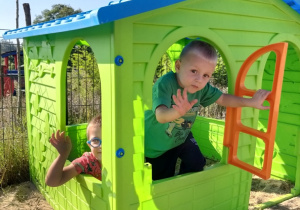 dzieci bawią się w plastikowym domku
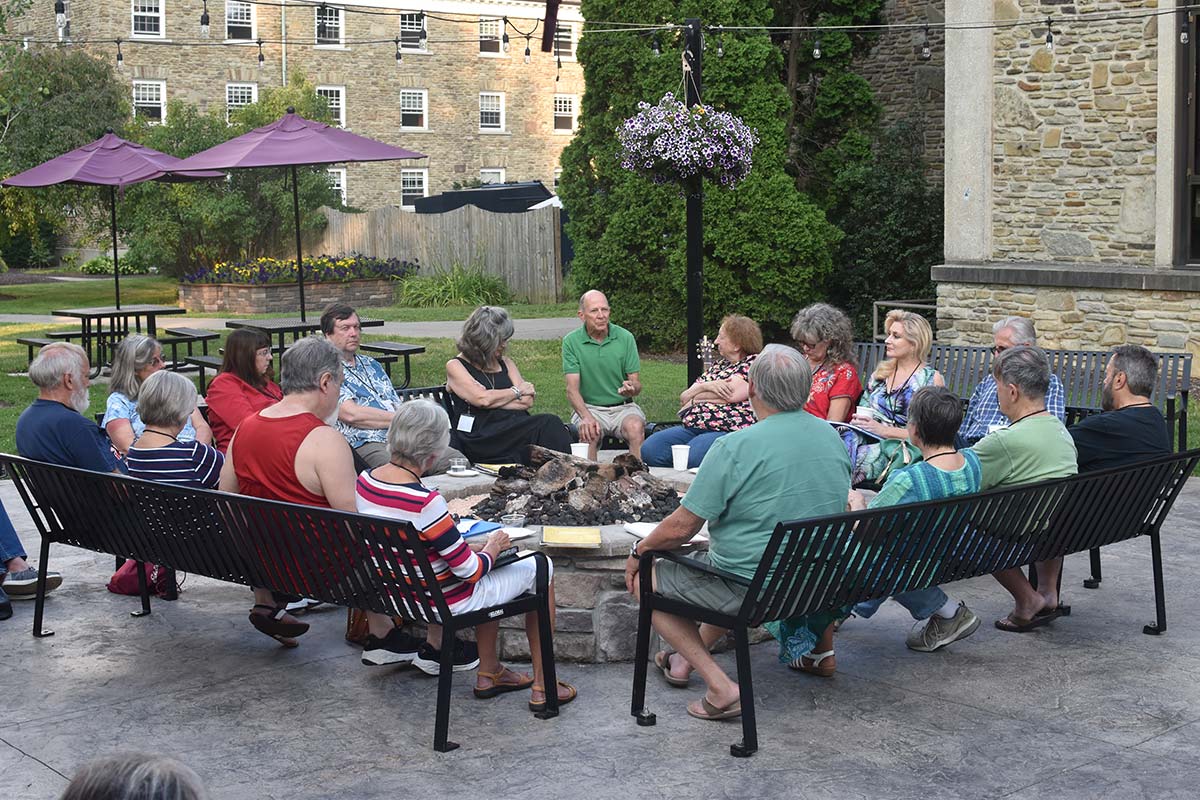 A group of Houghton alumni sitting on outdoor chairs outside the campus center.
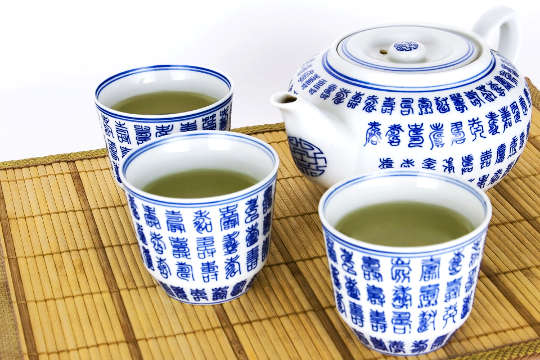 Can Green Tea Be Harmful to Your Health? tea swerved in traditional cups and teapot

————————

*Problem requirements*: For this exercise, transcribe the data above line by line, exactly, with pictures omitted.

*Answer area*:
 dzieci bawią się w plastikowym domku
 A group of Houghton alumni sitting on outdoor chairs outside the campus center.
 Can Green Tea Be Harmful to Your Health? tea swerved in traditional cups and teapot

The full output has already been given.